The problem is that our modern Left believes neither in our Constitution nor in democracy itself.  Donald Trump won a minority of the electorate, yes, but he won a clear majority of electoral votes, which is how our system works as written.  The Republicans in Congress each won their individual districts.

That ought to allow the Democrats to at least grudgingly accept Donald Trump as their President, for now at least, but the Left believes that the Voice of the People should count only when it is saying what they want it to say and not otherwise.  Republicans have won at the polls and they have the right to appoint and confirm their selection of judges just as Mr. Obama and his Democrats did.  That is how our political system should work, and if the opposition respected the system, they'd simply be trying harder to win next time around instead of trying to break the system through violent and extralegal protests as demented reprobates like Rep. Maxine Waters openly advocate.

Really, the beliefs of our modern Left, which now controls the Democratic Party, were best expressed by Turkish President Recep Erdogan, now acknowledged as effectively a dictator:

Democracy is like a train; you get off once you have reached your destination.

When the Democrats win an election, that's democracy at work.  When they lose an election, they take to the streets to prevent the actual winners from accomplishing the platform they ran on, and that's democracy at work as they see it.

Black-Robed Proxies

What has this to do with judges?  In a sane world where the system was working as designed, absolutely nothing.  Chief Justice John Roberts explained the proper job of a judge:

It's my job to call balls and strikes and not to pitch or bat.

That's not what our modern Court does, and hasn't throughout Justice Kennedy's tenure: it pitches, bats, umpires, mows the outfield, and from time to time rearranges the bases.  For reasons unclear and which our Founders could not have imagined, somehow our Congress has willingly permitted the Court to take over its proper job of deciding what our laws shall be instead of impeaching the activist judges.

And perhaps that's the most frightening potential outcome of Donald Trump replacing Justice Kennedy with a classical conservative: A Court which believes in its proper limits will be a Court which is so unfamiliar to younger Americans to be unrecognizable.

Consider our earlier example: If a new conservative justice joins with the other conservative justices to strike down Roe v.
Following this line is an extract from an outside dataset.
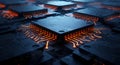 Glowing microchips on a futuristic dark circuit board Royalty Free Stock Photo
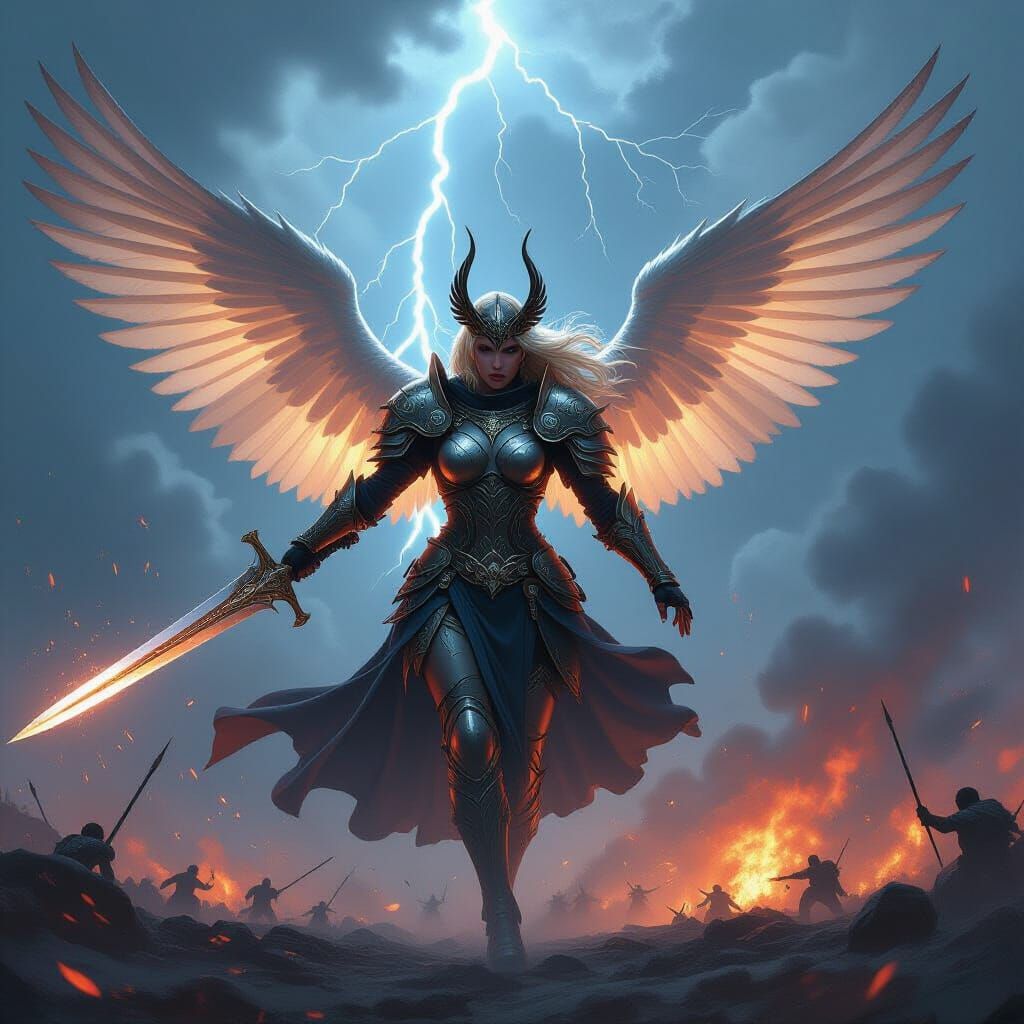 Valkyrie Warrior Soaring Through Stormy Skies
Wade, abortion will not be outlawed.  It will simply be devolved to each state to pass whatever laws they see fit just as the Constitution provides.  If that happens, state politicians will, for once, have to stand up and be counted on a major practical issue.

The same is true with homosexual "marriage," immigration enforcement, and all manner of other things: The Constitution delegated authority over those areas to other branches and levels of government and not to the Court, and it's time for those branches which are truly responsible to step up and take responsibility.

Those who want open borders need to run on that as a platform, get elected, and pass a law making it so.  Those who want to make illegal to restrict what people with which sexual organs go into whose bathrooms need to pass a law to that effect.  And on and on down the whole panoply of leftist destruction of our culture and history, so much of which has been ordained from on high by courts without ever being voted on by the actual representatives of the people who sit in the legislature.

Given the vast and unaccountable power that's been foolishly granted to our Supreme Court, it's no wonder that the Left is panicking at the prospect of losing one of their number: it's ever so much easier to persuade one old guy than a hundred million voters, as Hillary Clinton was notoriously unable to do.

Maybe now they'll have to once again learn how to try - or, more likely, discover that it can't be done with the policies they truly believe in.  In which case, what exactly will happen when the pendulum swings back their way, as it always does, and they come roaring back into power thirsty for vengeance?